We want to support those who grieve. Most especially for people we’re close to. And we feel some pain as well. It might have been us instead of them. At some future time, it almost certainly will be us.

But all too often, the words used, while intending to be supportive, do not sooth and support at all. They may even feel hurtful to the person. Why?

Because they speak to a place that the grieving person has not yet occupied.

So any words telling the grief-stricken person that “soon it will be better” or “time heals,” are not going to feel comforting.

If you don’t know where that person is at in their process, say something very simple and neutral. And if it hasn’t been all that long since the physical death, or tragedies involving the death of something, like one’s health, career or marriage, than the likelihood that the person is on the recovery side of the trauma is remote.

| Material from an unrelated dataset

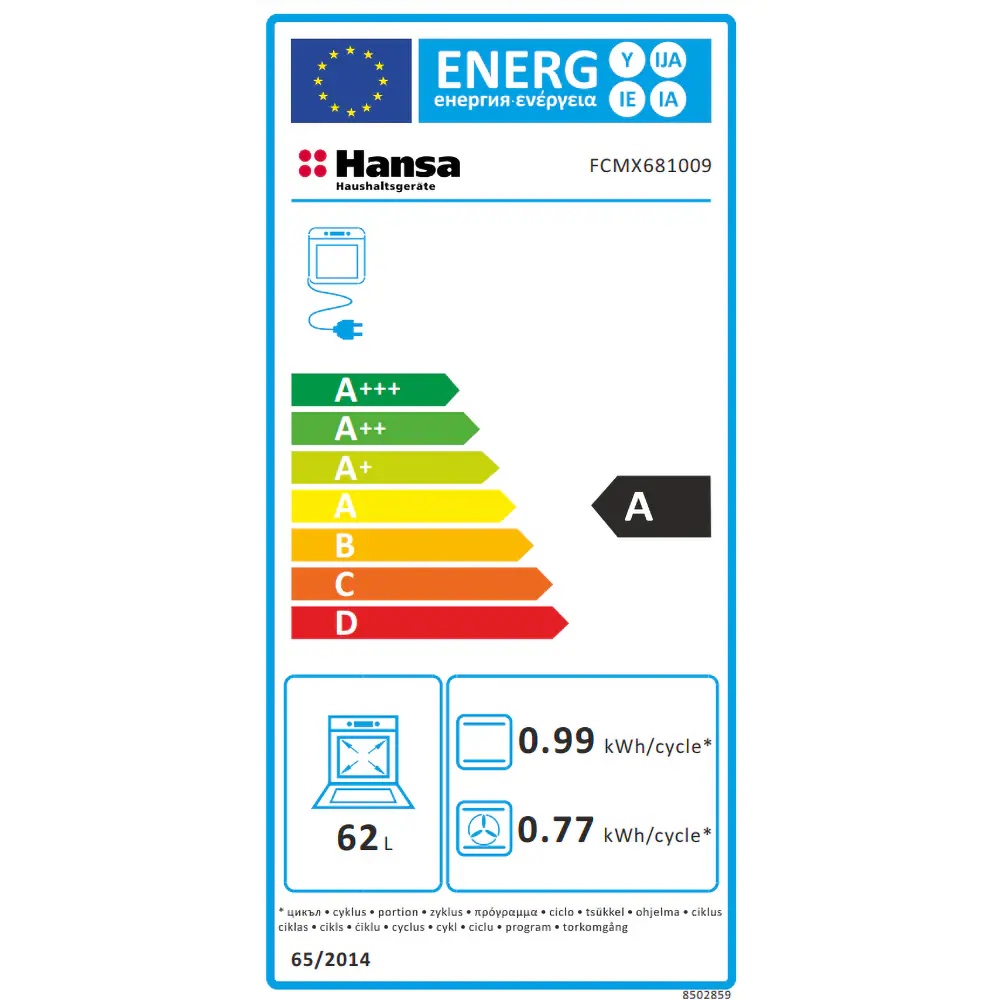 Aragaz mixt Hansa, cuptor electric, 60 cm, 4 arzatoare, programator, 8 functii, grill, ventilator, aprindere electrica, siguranta, sertar depozitare, fara capac, 62 L, clasa A, inox FCMX6810092 [6]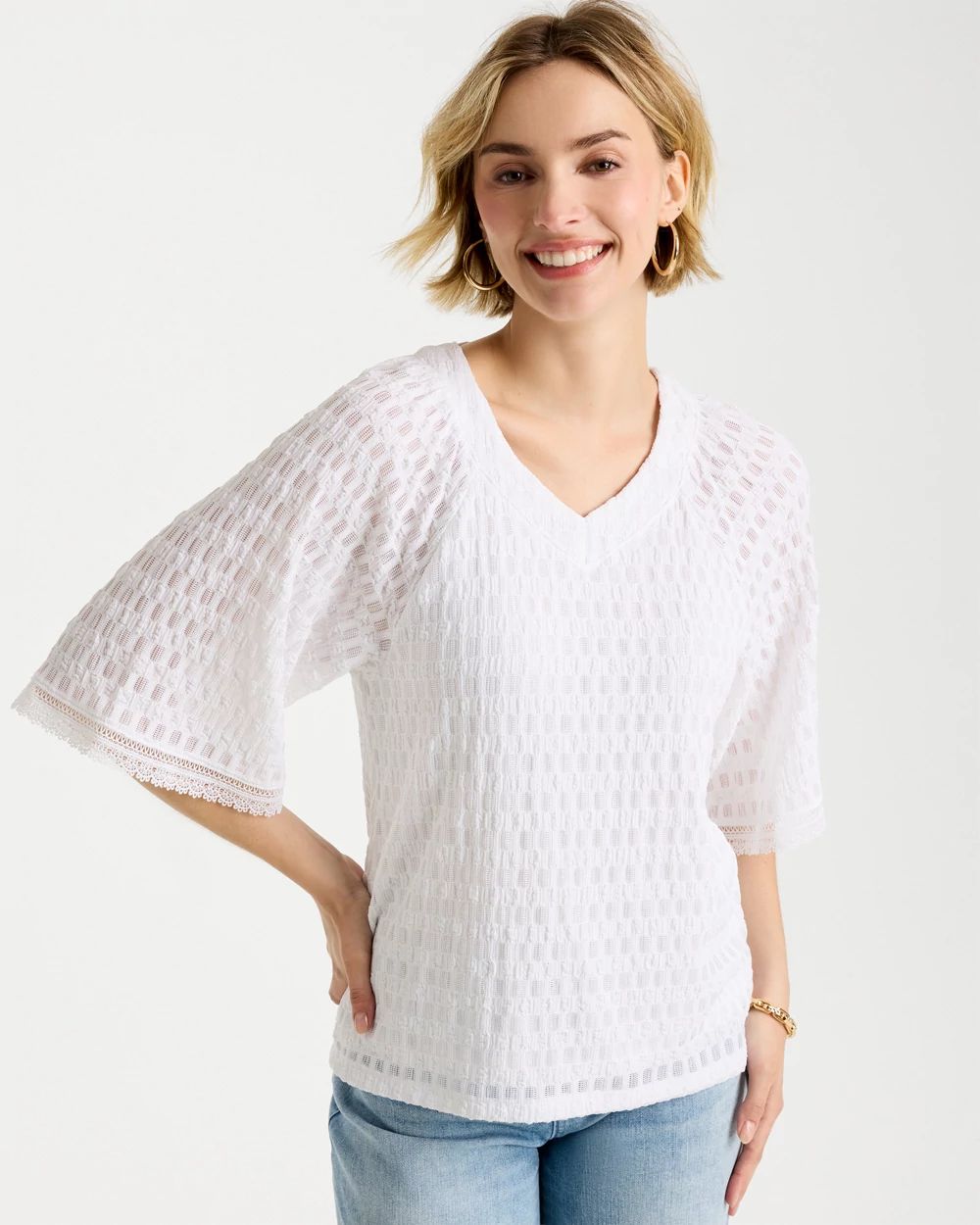 Crinkle Lace Knit Raglan Tee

Speaking to a place that is a little behind where this person is at will be OK. When we do so, the person might tell us that they did feel a lot that way, but now they are feeling more of something else, and you’ll notice that this place of which they speak is farther along in the recovery process.

So do express condolences and support… with sensitivity, wisdom and compassion born out of being supportive of their emotions rather than your own.